Os defensores da PEC 45 afirmam que há outras questões tributárias que fazem com que a proposta não seja uma “inimiga” do setor. Para eles, a nova alíquota de 25% gera, ao longo da cadeia de tributação, uma redução da carga tributária, principalmente com a possibilidade de creditamento integral.
“Há muitas questões que precisam ser consideradas. A primeira é que, muitas vezes, as pessoas olham o montante de imposto que pagam no faturamento e comparam com a alíquota presente na PEC 45. Há uma série de cumulatividades que estão na base do setor do serviço e, portanto, o aumento efetivo de alíquota é bem menor do que as pessoas estimam”, afirmou Bernard Appy.

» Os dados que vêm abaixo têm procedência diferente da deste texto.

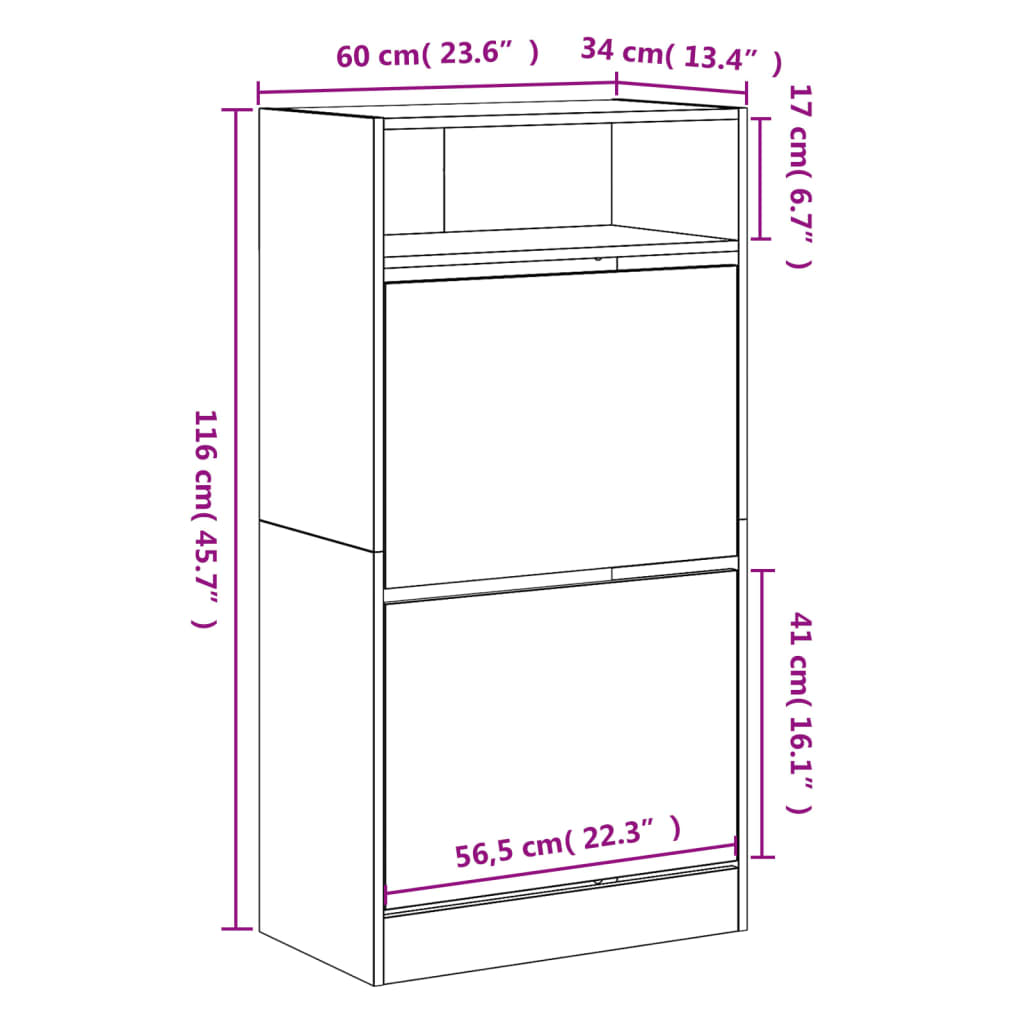 Schuhschrank 60X34X116 Cm Holzwerkstoff Betongrau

Appy acredita que, na prática, existirá uma redução de carga tributária no setor. “No IBS será paga uma alíquota maior, mas há o crédito integral para quem está na etapa seguinte”, acrescenta o economista.

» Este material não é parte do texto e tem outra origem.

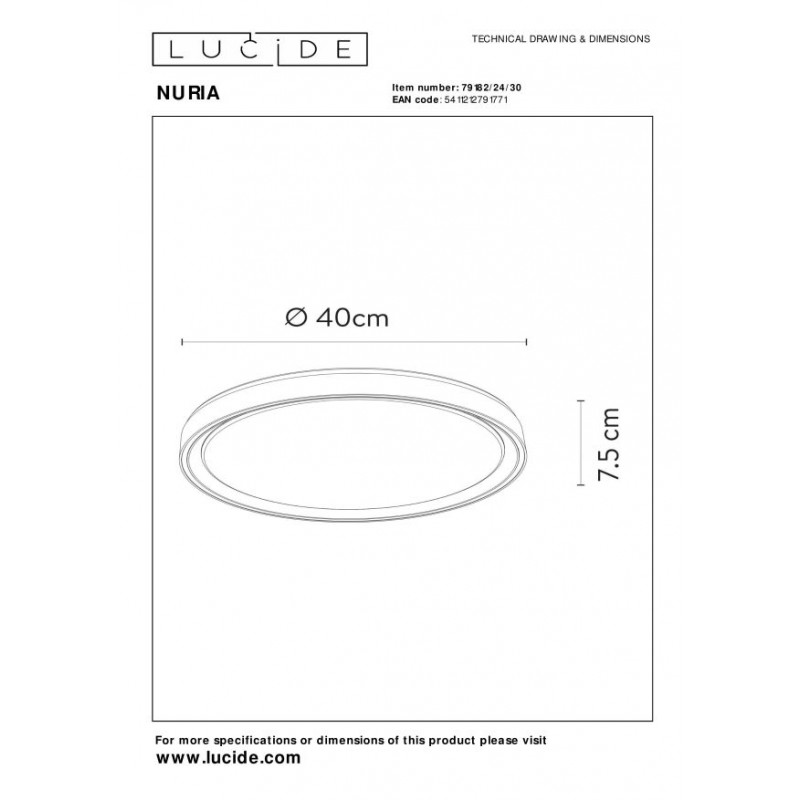 Lucide Lampa natynkowa LED NURIA 79182/24/30 czarny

“Toda prestação de serviço no meio da cadeia vai ser beneficiada. Atualmente, não é pago somente o ISS. Há também PIS e Cofins. Isso, geralmente, não dá crédito para a etapa subsequente. Portanto, há o pagamento de um imposto que não é recuperado na etapa posterior”, afirma Appy.
Sobre a prestação de serviço ao consumidor final, Appy afirmou que uma parte considerável das empresas está no Simples Nacional e, por isso, não será afetada pela PEC 45. “Além disso, quem consome serviços no Brasil são as famílias ricas, não as pobres”, explicou o economista.
O tributarista Eurico Santi, também diretor do CCiF, questionou a separação feita no Brasil entre mercadorias e serviços para efeitos de tributação. “Temos esse modelo de difícil organização de competência que ficou com os municípios. Com isso, temos essa guerra fiscal absurda. Software e Netflix são mercadorias ou serviços? Hoje em dia isso está tudo misturado”, diz Santi.
Para ele, o atual modelo é “injustificável”. “A PEC 45 está fundindo as duas bases”, afirmou. Segundo o tributarista, ainda existe um debate “alienado” sobre as alíquotas. “Hoje em dia, o setor de serviço pensa ‘pago 5% de ISS e mais 3,65% de PIS e Cofins. Agora, vão aumentar para 25%?’”.
Santi explica que ao pensar dessa forma, o setor deixa de enxergar a não cumulatividade. “Na PEC 45, quem está no meio da cadeia vai passar o crédito. Há a cobrança de 25%, mas também está no crédito de 25%. Então, existe somente o pagamento para a frente”, afirmou o advogado.
Ele acrescenta que a alíquota de 25% serviria para recompor a atual arrecadação tributária. “É um 25% honesto”, concluiu Santi. “Estamos garantindo efetivamente a não cumulatividade. Não tem mais crédito físico com a discussão, por exemplo, se o óleo entrou ou não na mercadoria. Estamos dando crédito para tudo, devolvendo dinheiro para o contribuinte na forma de crédito”, diz.